Missili USA consegnati ai terroristi utilizzati contro aerei di linea: aereo egiziano colpito e scomparso

I moderni lanciamissili di fabbricazione USA, consegnati dai sauditi ai terroristi in Siria, vengono utilizzati contro aerei di linea: colpito aereo egiziano con 66 persone in volo da Parigi al Cairo.
Ci sono pochi dubbi fra gli esperti: si tratterebbe del secondo aereo colpito, dopo quello russo abbattuto mentre volava sul Sinai. Si aspettano le conferme una volta trovato il relitto e la scatola nera ma possiamo scommettre che i media occidentali occulteranno la notizia.

Esistono abbondanti prove e documentazione video fatte dai russi e dai siriani circa le ultime consegne effettuate tramite l’Arabia Saudita dei lanciamissili portatili forniti ai gruppi terroristi che operano in Siria, patrocinati dai servizi di intelligence USA e Arabia Saudita. Vedi: ll New York Times: “Dagli Stati Uniti massiccia fornitura di missili ai ribelli anti Assad” 

L’obiettivo degli USA e dell’Arabia Saudita è sempre lo stesso: rovesciare il governo di Assad e favorire lo smembramento del paese arabo.
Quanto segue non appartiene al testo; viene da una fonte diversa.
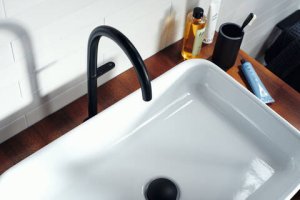 Pastatomo praustuvo maišytuvas AXOR One Select 260 su paspaudžiamu (push-open0 dugno vožtuvu, chromo spalvos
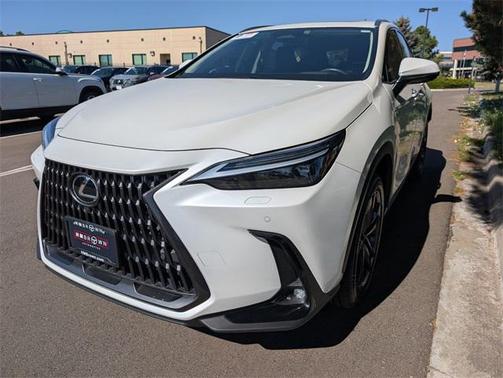 2024 Lexus NX 450h+ Luxury
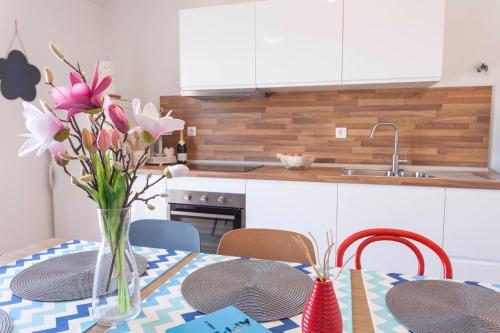 Kuchyňa alebo kuchynka v ubytovaní Apartments Lalic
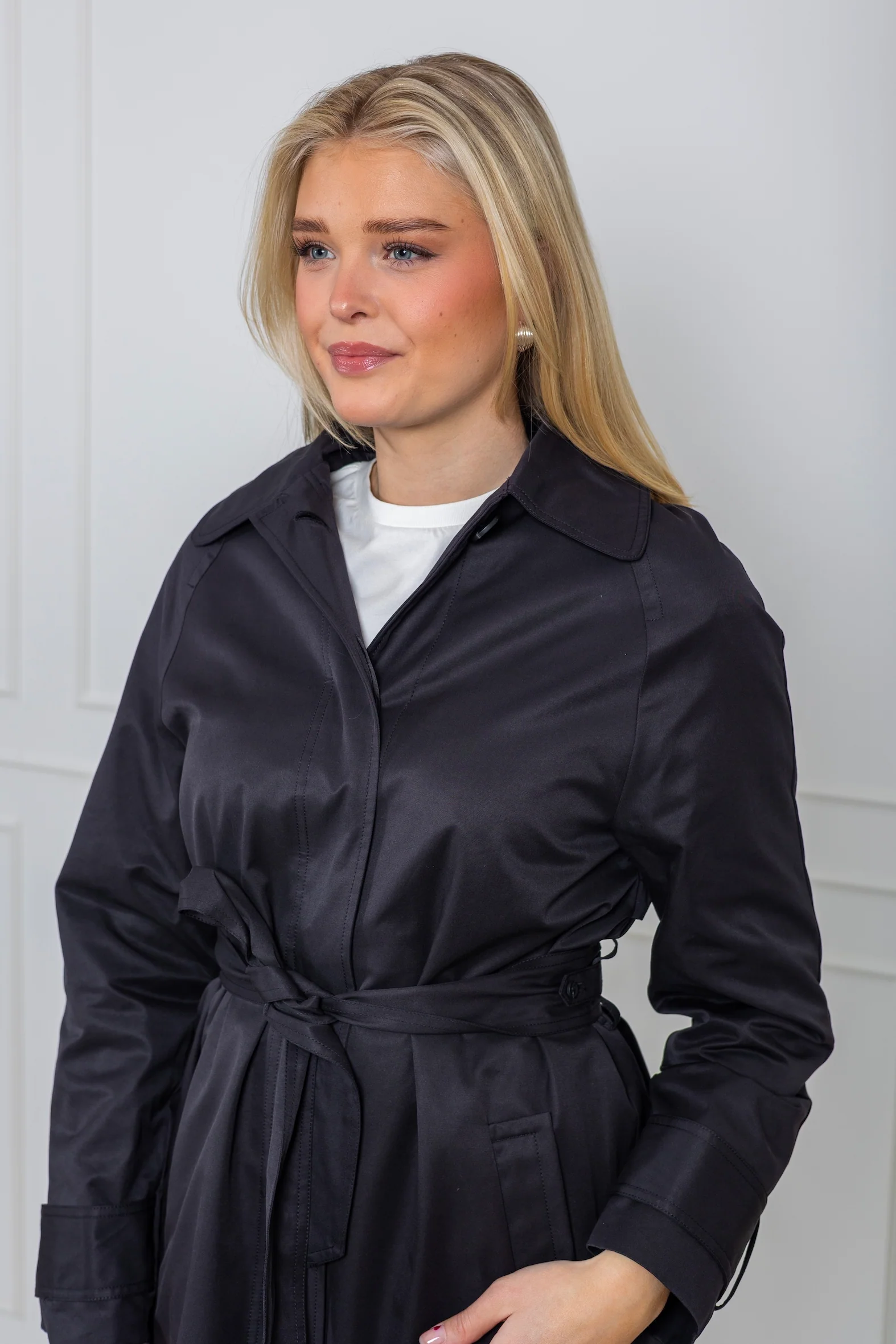 Mazie Coat Black - Image 6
In più gli USA stanno cercando di mettere in difficoltà il corpo di spedizione russo intervenuto in Siria a sostegno del paese contro i gruppi mercenari inviati dall’estero. La tecnica è la stessa che fu adoperata in Afghanistan: far logorare sul terreno le forze russe in modo da provocare un ritiro dalla Siria ed una sconfitta di Putin.
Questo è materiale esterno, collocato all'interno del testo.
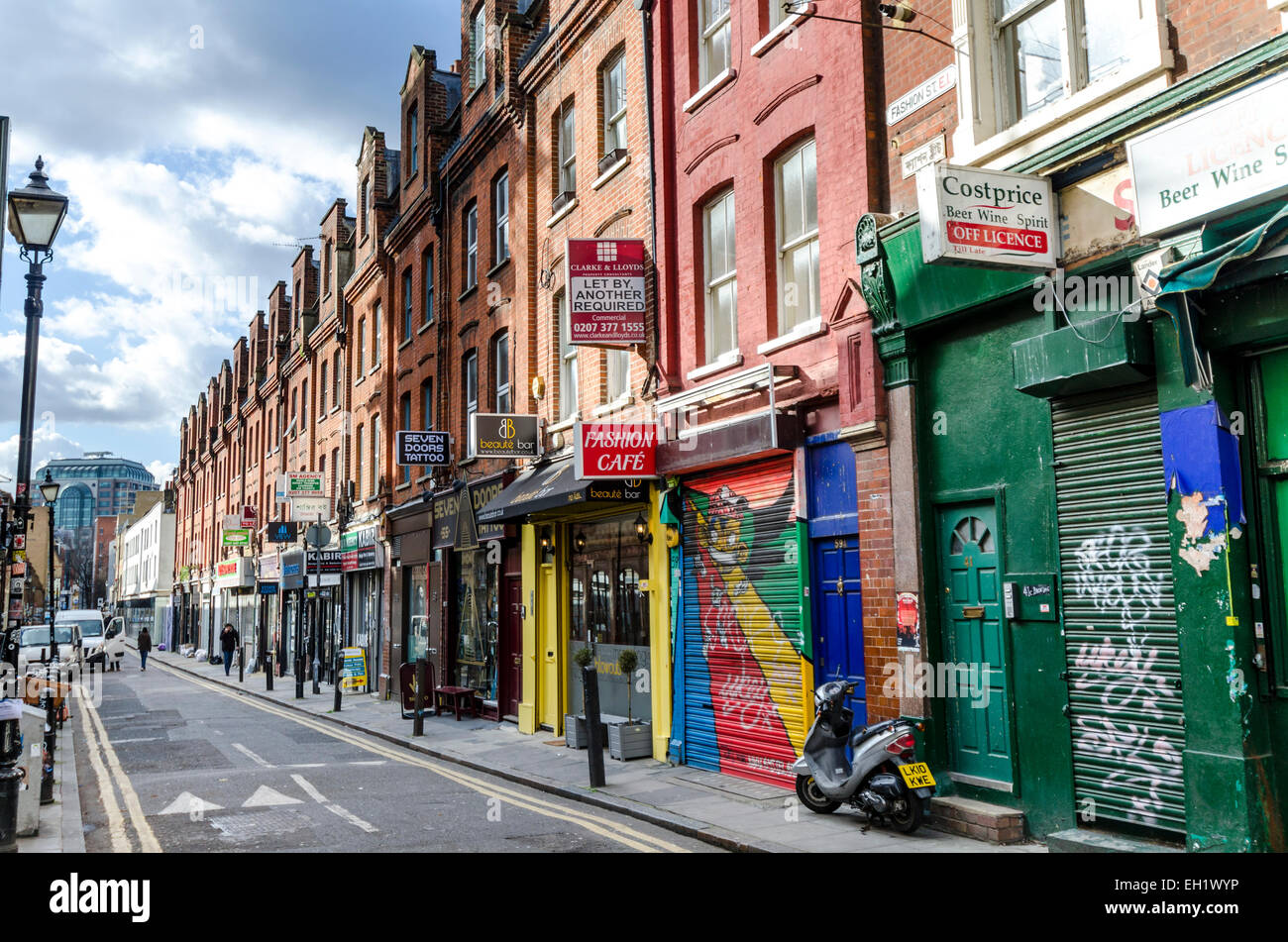 Bunte Ladenfronten und Häuser auf Fashion Street in East London, ab Brick Lane Stockfoto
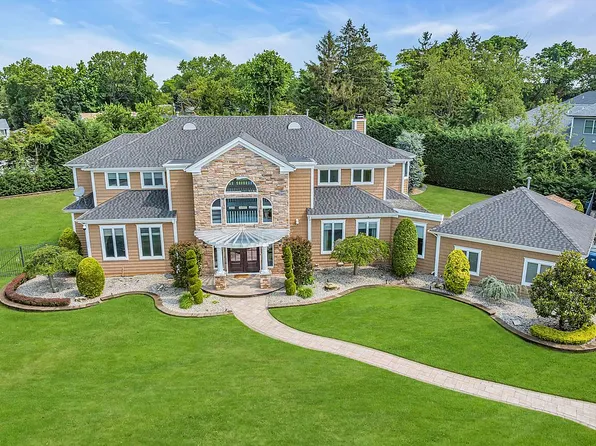 15 Violet Dr, Ocean, NJ 07712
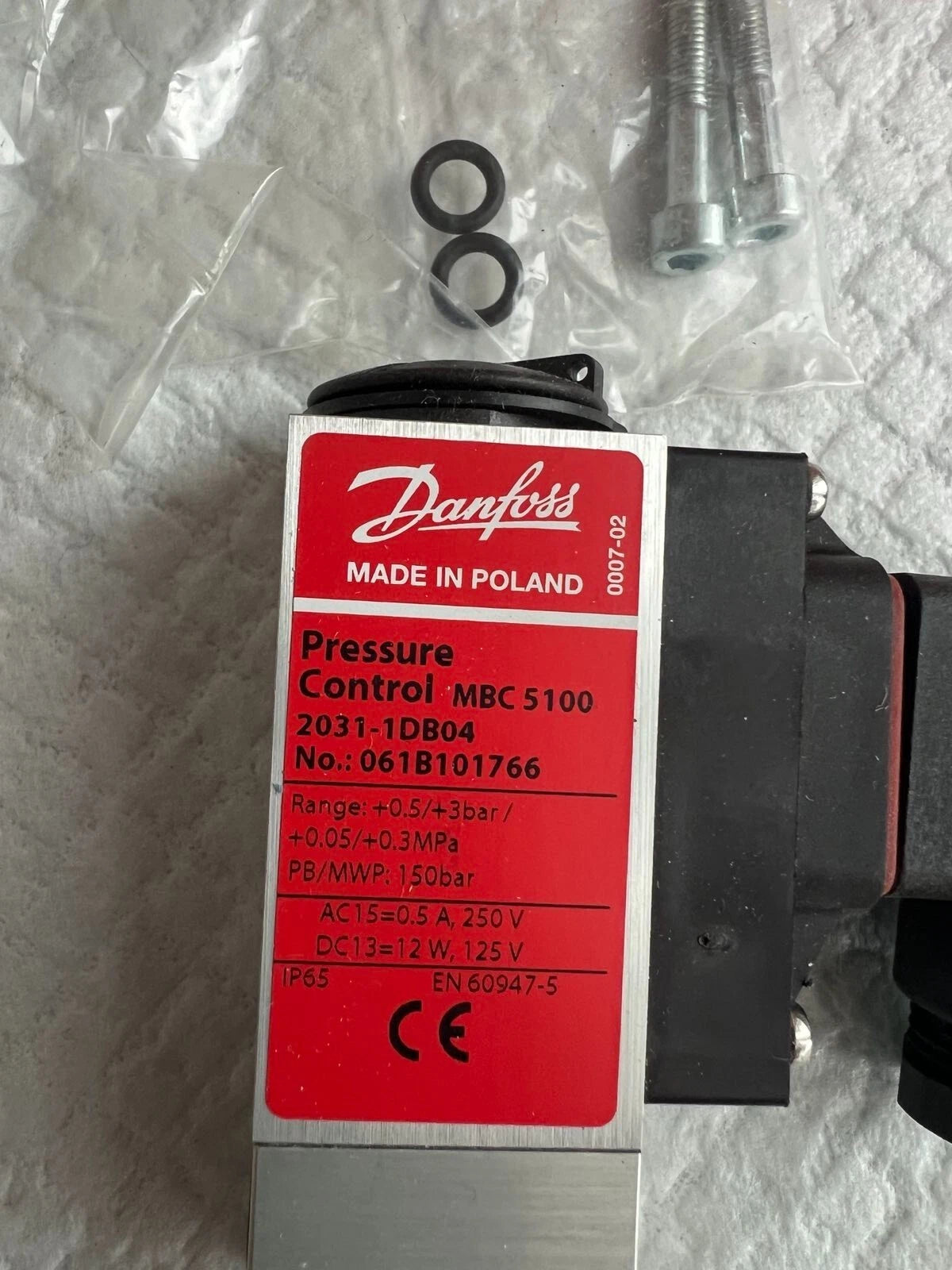 Presostato Danfoss MBC 5100 +0,5…3 bar | G1/4 | N.º de pieza: 061B101766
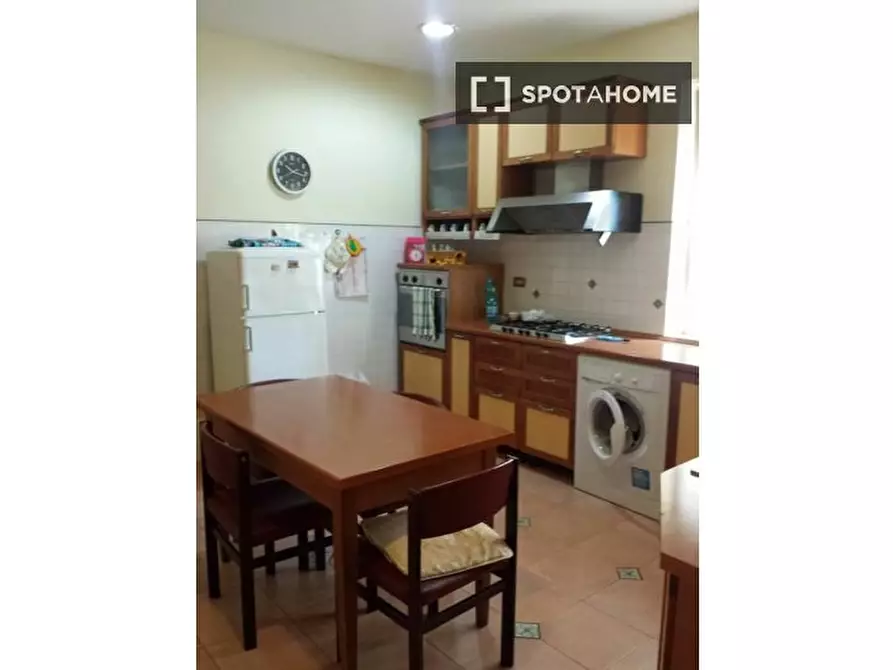 Immagine 15 di Camera condivisa in affitto  in Via Bernardo Cavallino a Napoli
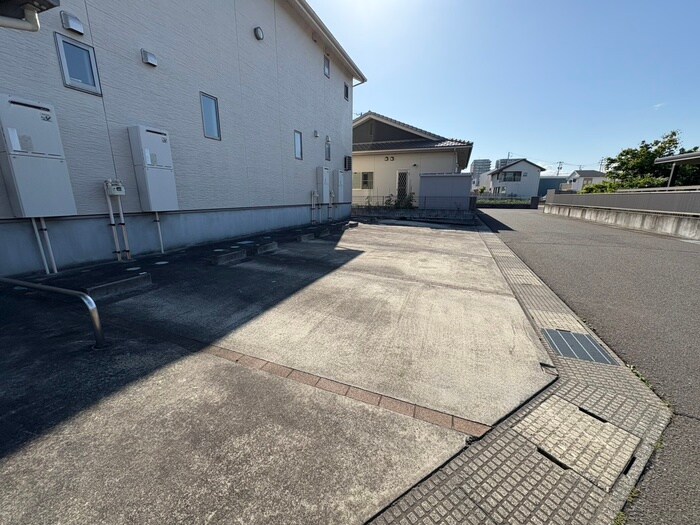 物件外観写真4　(駐車場)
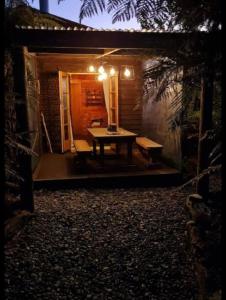 patio ze stołem i ławką w nocy w obiekcie Classic Kiwi bach w mieście Granity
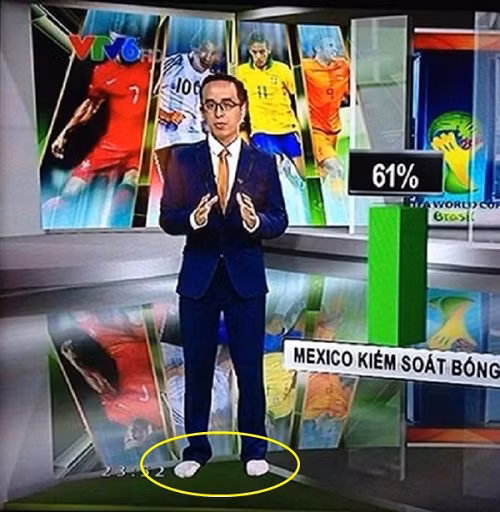 Diện trang phục chỉn chu nhưngBTV Khắc Cường lại quên mang giày khi lên sóng ybhr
Questo spiega il motivo del doppio gioco degli USA: grandi proclami di lotta al terrorismo mentre sottobanco la CIA favorisce i miliziani di Al Nusra e degli altri gruppi che vengono armati e finanziati da Arabia Saudita ed appoggiati dalla Turchia.Erano suonati gli allarmi circa i rischi che sarebbero derivati dal consegnare nelle mani dei terroristi armi sofisticate che avrebbero potuto essere utilizzate contro obiettivi civili. L’aereo abbattuto sul Sinai e gli attacchi di Parigi e di Bruxelles avevano confermato questi allarmi ma il Pentagono, la CIA e l’Arabia Saudita, ciascuno per i propri obiettivi, hanno continuato con la loro politica di sostegno ai terroristi.

La zona del medio Oriente e del Mediterraneo rappresenta ormai un’area altamente a rischio per il sorvolo delle linee aeree civili, considerando che i servizi di intelligence dei paesi coinvolti nella guerra in Siria hanno abbondantemente rifornito di armi antiaeree questi gruppi che diventano di fatto incontrollabili e che si spostano a loro piacimento tra Siria Iraq, Libia e, grazie al flusso dei migranti, inviano loro elementi anche in Europa, mescolati tra i migranti e profughi.

TerroristiTuttavia l’Unione Europea non sente le voci di allarme che si sono più volte sollevate da parte dei servizi di intelligence austriaci, tedeschi ed ungheresi e si piega ai ricatti della Turchia che vuole ingresso libero per i suoi cittadini e l’Italia in particolare dispone l’ accoglienza indiscriminata per tutti i migranti che varcano il Mediterraneo dalla Libia, incoraggiando di fatto il traffico e gli sbarchi.

Risulta ben noto che il traffico  dei migranti dalla Libia viene gestito dai gruppi dell’ISIS che sono in quel paese e che si finanziano con quel traffico di carne umana che fornisce loro svariati miliardi ogni anno, utili anche per acquistare armi e per infiltrare i loro elementi in Europa.

Nonostante tutto questo, Renzi, Alfano e la Boldrini e gli altri non sentono ragioni: vogliono una politica delle porte aperte e sono sempre pronti in ogni occasione ad auto lodarsi per aver salvato vite umane (nonostante che il numero degli affogati sia enormemente aumentato ) e lesti ad esaltare il loro modello utopistico di società aperta e multiculturale che assicurerà a tutti “benessere ed integrazione”.